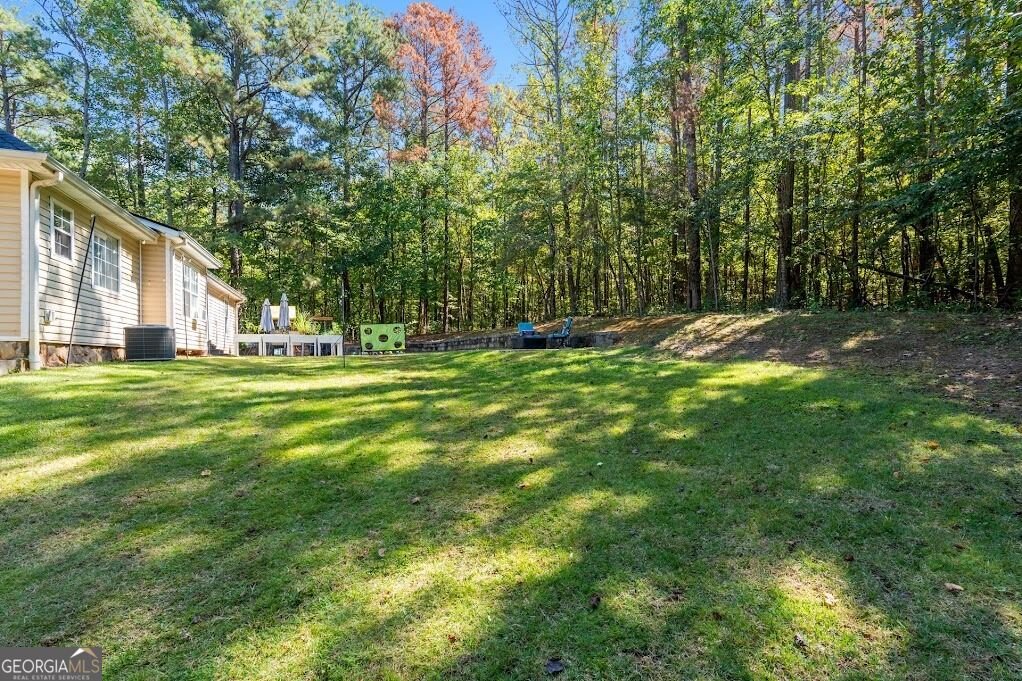 795 Woodruff Road Carrollton - Photo 9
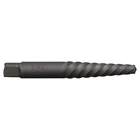 Chicago-latrobe 65017 Screw Extractor 800 No (drill Size New. Price: $22.65.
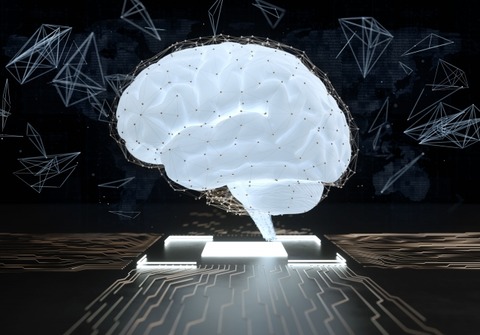 【朗報】めちゃくちゃ凄い生成AIが作られる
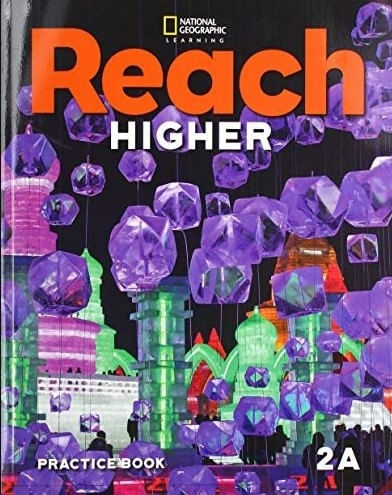 hWAo6m9K1Q0M3PzPb5+DTPIRJ4s=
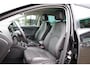 SEAT Leon 1.4 EcoTSI 150 PK FR Connect, Carplay, Cruise Control, 17 Inch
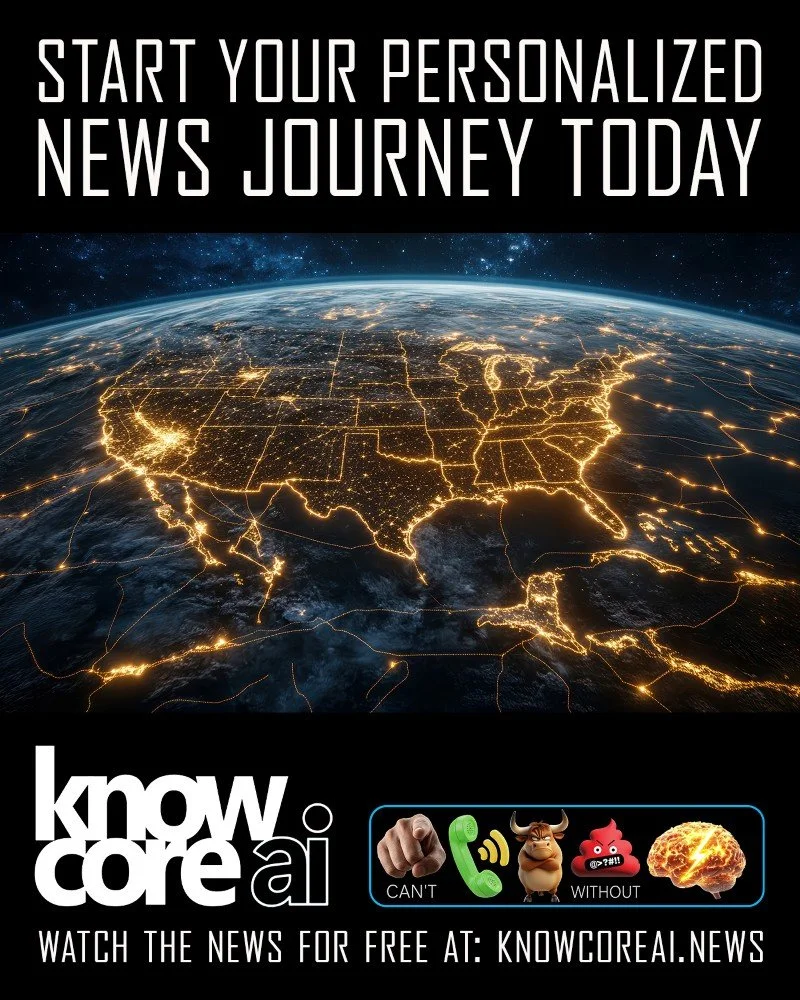 KCAi-StartYourPersonalizedNewsJourneyToday-2026-v2-1-web.jpg
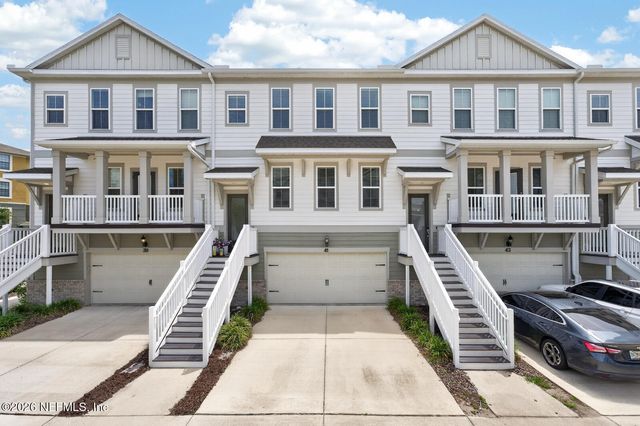 41 FALLING WATER Court, Ponte Vedra, FL 32081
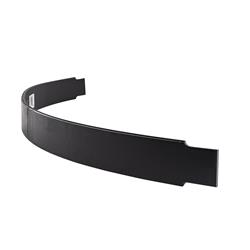 Old Man Emu - Leaf Spring Add-A-Leafs for 1999-2007 F-250 SUPER DUTY, F-350 SUPER DUTY - D27XL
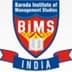 Baroda Institute of Management Studies - [BIMS]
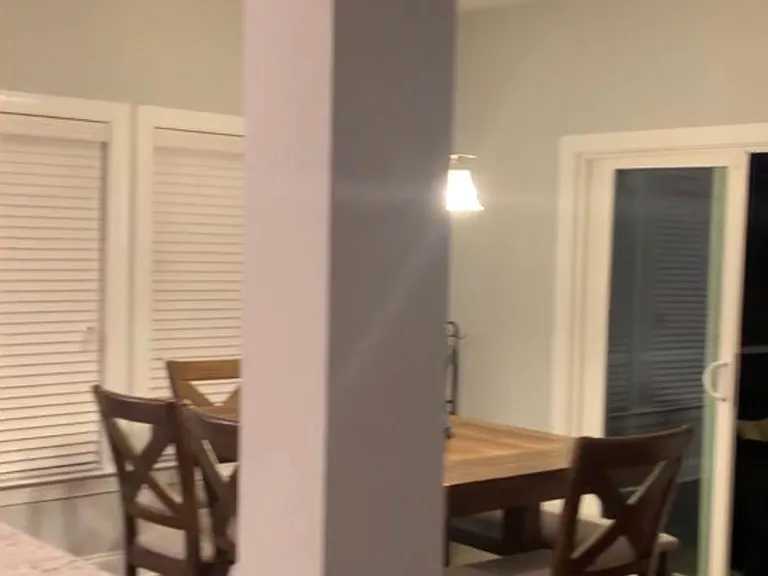 120 Firethorn Dr — Photo 18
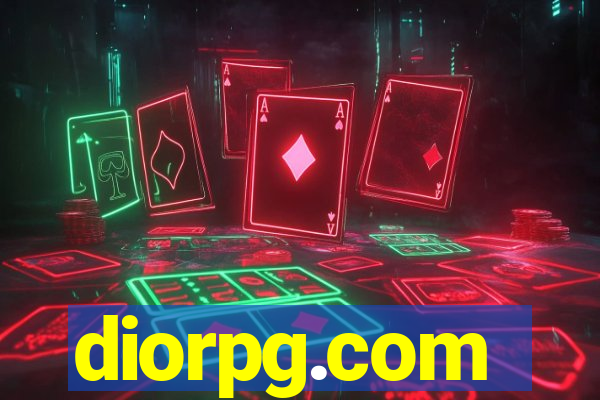 diorpg.com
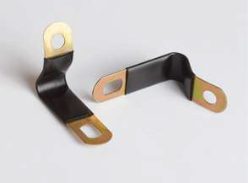 Grapa De Manguera Alta Presión D6-D8 Gmt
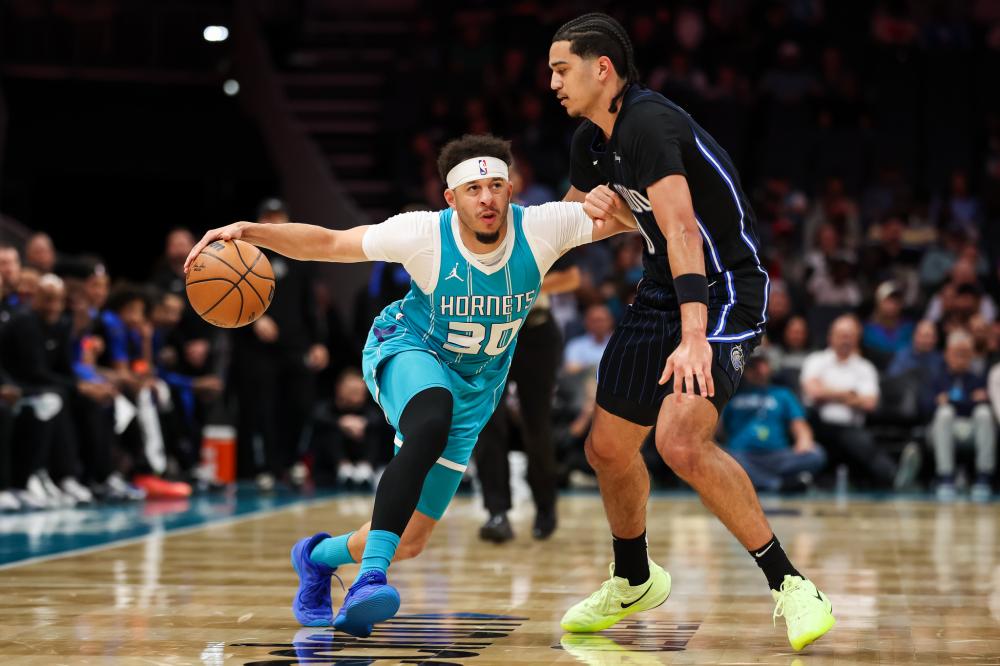 重要手段 重要手段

::::::

- What you should do: Could you repeat, exactly and with nothing else, the lines from the one containing "Grapa De Manguera Alta Presión D6-D8 Gmt" through the last line of the records above, leaving out the pictures?

- Solution for this task:
 Grapa De Manguera Alta Presión D6-D8 Gmt
 重要手段 重要手段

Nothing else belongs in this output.